The Holder will not sell, assign, convey, pledge, hypothecate,
grant security interests in, encumber, give away or in any other
manner dispose of or transfer, whether voluntarily or by operation
of law, any of this Warrant, the Warrant Shares or any new Warrant
to any person or entity that, to the knowledge of such Holder,
competes directly or indirectly with the Issuer without the prior
written consent of the Issuer.  Any attempted transfer of this
Warrant, the Warrant Shares or any new Warrant not in accordance
with this Section shall be null and void, and the Issuer shall not
in any way be required to give effect to such transfer.  No
transfer of this Warrant shall be effective for any purpose
hereunder until (i) written notice of such transfer and of the name
and address of the transferee has been received by the Issuer, (ii)
the transferee shall first agree in a writing deposited with the
Secretary of the Issuer to be bound by all the provisions of this
Agreement and (iii) in the opinion of the Issuer's counsel (such
counsel's fees to be paid by the Issuer), all requirements of
applicable state securities laws and any requirement to register
such transfer under the Act have been complied with.  Upon
surrender of this Warrant to the Issuer by any transferee
authorized under the provisions of this Section 4, and subject to
the terms and conditions of the Securities Act, the Issuer shall,
without charge, execute and deliver a new Warrant registered in the
name of such transferee at the address specified by such
transferee, and this Warrant shall promptly be cancelled.  The
Issuer may deem and treat the registered holder of any Warrant as
the absolute owner thereof for all purposes, and the Issuer shall
not be affected by any notice to the contrary.  Any Warrant, if
presented by an authorized transferee, may be exercised by such
transferee without prior delivery of a new Warrant issued in the
name of the transferee.

            Upon receipt by the Issuer of evidence reasonably
satisfactory to it of the loss, theft, destruction or mutilation of
this Warrant, and (in the case of loss, theft or destruction) of
reasonably satisfactory indemnification, and upon surrender and
cancellation of this Warrant, if mutilated, the Issuer

                              A-3
<PAGE>

will execute and deliver a new Warrant of like tenor and date.  Any
such new Warrant executed and delivered shall constitute a separate
contractual obligation on the part of the Issuer, whether or not
the Warrant so lost, stolen, destroyed or mutilated shall be at any
time enforceable by anyone, provided, such indemnification
obligation may be used as an offset against this new Warrant. 

    Section 5.  Rights of the Holder.  Neither a Holder nor his
transferee by devise or the laws of descent and distribution or
otherwise shall be, or have any rights or privileges of, a
shareholder of the Issuer with respect to any Warrant Shares,
unless and until certificates representing such Warrant Shares
shall have been issued and delivered thereto.
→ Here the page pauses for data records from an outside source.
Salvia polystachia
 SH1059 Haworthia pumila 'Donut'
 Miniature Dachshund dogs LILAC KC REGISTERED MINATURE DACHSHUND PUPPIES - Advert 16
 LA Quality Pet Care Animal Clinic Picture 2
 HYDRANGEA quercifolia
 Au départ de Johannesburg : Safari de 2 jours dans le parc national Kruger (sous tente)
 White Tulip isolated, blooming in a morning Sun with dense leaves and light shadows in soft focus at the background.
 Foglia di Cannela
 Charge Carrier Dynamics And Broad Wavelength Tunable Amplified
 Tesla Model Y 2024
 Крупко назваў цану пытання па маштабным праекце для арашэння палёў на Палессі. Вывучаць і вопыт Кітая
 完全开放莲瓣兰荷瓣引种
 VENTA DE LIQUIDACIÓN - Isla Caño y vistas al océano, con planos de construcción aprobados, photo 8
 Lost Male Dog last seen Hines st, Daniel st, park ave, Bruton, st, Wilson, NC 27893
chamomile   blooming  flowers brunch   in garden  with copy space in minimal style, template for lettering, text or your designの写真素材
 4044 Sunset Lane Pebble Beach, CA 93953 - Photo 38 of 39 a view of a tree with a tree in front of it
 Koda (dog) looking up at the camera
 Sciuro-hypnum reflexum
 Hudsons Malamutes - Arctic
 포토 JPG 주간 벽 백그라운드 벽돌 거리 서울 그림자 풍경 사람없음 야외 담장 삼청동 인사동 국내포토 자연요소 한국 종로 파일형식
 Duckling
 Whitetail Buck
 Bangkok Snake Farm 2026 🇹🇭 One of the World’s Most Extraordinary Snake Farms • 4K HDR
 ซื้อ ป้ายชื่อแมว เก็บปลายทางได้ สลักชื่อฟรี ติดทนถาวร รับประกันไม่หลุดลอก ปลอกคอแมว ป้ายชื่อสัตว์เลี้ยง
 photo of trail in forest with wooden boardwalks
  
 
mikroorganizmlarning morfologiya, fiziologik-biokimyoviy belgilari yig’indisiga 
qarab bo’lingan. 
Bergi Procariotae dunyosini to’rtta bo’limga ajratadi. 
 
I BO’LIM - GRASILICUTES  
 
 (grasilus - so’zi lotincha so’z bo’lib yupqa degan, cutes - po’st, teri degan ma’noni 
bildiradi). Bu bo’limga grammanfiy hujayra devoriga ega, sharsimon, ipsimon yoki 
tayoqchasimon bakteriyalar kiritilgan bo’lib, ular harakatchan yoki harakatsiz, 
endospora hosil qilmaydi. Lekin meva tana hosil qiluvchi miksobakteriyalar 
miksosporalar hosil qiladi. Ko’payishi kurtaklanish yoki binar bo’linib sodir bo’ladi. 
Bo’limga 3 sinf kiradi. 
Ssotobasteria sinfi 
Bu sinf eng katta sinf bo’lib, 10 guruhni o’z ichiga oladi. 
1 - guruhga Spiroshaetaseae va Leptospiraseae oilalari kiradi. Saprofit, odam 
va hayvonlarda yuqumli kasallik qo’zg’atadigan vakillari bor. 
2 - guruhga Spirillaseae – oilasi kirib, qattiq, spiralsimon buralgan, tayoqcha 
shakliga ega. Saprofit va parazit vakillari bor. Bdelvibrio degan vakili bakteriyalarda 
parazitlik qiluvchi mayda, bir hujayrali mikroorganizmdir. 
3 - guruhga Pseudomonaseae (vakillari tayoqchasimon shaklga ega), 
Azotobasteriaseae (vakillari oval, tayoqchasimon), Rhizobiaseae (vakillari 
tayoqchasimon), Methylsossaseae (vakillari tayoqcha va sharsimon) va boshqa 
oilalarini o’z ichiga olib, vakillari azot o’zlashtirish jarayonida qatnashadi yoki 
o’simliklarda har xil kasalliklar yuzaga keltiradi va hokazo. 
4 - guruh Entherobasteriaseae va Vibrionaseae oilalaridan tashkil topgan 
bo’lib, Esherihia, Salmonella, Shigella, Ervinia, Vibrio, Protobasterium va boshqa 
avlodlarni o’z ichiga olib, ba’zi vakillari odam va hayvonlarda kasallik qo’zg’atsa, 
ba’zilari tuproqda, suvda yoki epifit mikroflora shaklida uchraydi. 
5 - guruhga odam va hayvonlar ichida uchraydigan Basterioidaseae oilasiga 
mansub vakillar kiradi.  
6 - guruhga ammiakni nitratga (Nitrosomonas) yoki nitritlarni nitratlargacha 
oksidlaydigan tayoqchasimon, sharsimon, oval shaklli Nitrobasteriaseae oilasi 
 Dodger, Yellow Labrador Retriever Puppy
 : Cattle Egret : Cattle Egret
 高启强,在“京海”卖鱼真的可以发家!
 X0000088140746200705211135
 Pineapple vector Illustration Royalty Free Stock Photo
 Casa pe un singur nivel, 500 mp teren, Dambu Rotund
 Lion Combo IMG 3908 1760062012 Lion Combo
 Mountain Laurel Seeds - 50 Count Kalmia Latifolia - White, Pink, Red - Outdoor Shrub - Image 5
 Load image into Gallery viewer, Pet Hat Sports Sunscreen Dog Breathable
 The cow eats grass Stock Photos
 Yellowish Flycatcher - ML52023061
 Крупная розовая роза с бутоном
    Section 6.  Adjustments in Exercise Price and Warrant Shares. 
The Exercise Price and Warrant Shares shall be subject to
adjustment from time to time as provided in this Section 6.

            (a)   If the Issuer is recapitalized through the
subdivision or combination of its outstanding shares of Common
Stock into a larger or smaller number of shares, the number of
shares of Common Stock for which this Warrant may be exercised
shall be increased or reduced, as of the record date for such
recapitalization, in the same proportion as the increase or
decrease in the outstanding shares of Common Stock, and the
Exercise Price shall be adjusted so that the aggregate amount
payable for the purchase of all Warrant Shares issuable hereunder
immediately after the record date for such recapitalization shall
equal the aggregate amount so payable immediately before such
record date.

            (b)   If the Issuer declares a dividend on Common Stock,
or makes a distribution to holders of Common Stock, and such
dividend or distribution is payable or made in Common Stock or
securities convertible into or exchangeable for Common Stock, or
rights to purchase Common Stock or securities convertible into or
exchangeable for Common Stock, the number of shares of Common Stock
for which this Warrant may be exercised shall be increased, as of
the record date for determining which holders of Common Stock shall
be entitled to receive such dividend or distribution, in proportion
to the increase in the number of outstanding shares (and shares of
Common Stock issuable upon conversion of all such securities
convertible into Common Stock) of Common Stock as a result of such
dividend or distribution, and the Exercise Price shall be adjusted
so that the aggregate amount payable for the purchase of all the 
Warrant Shares issuable hereunder immediately after the record date
for such dividend or distribution shall equal the aggregate amount
so payable immediately before such record date.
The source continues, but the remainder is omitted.